PROVIDED DATA ::
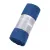 Flat Waffle Bed Sheet Home Line Blue 160x200 cm 190678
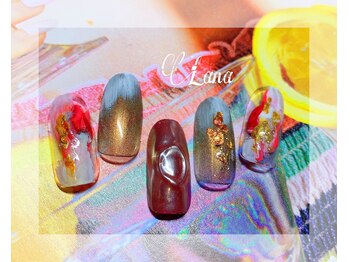 ラナ(Lana)/定額デザイン￥9900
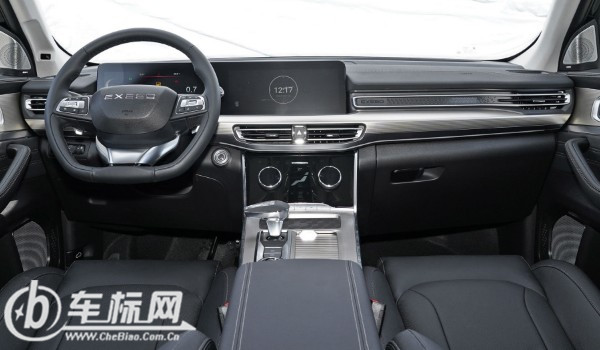 星途攬月行政版2022款報價圖片 2022款攬月售價17萬(分期首付5萬)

WORK INSTRUCTIONS :: Skipping all images, print the data above a second time exactly.

REPLY ::
 Flat Waffle Bed Sheet Home Line Blue 160x200 cm 190678
 ラナ(Lana)/定額デザイン￥9900
 星途攬月行政版2022款報價圖片 2022款攬月售價17萬(分期首付5萬)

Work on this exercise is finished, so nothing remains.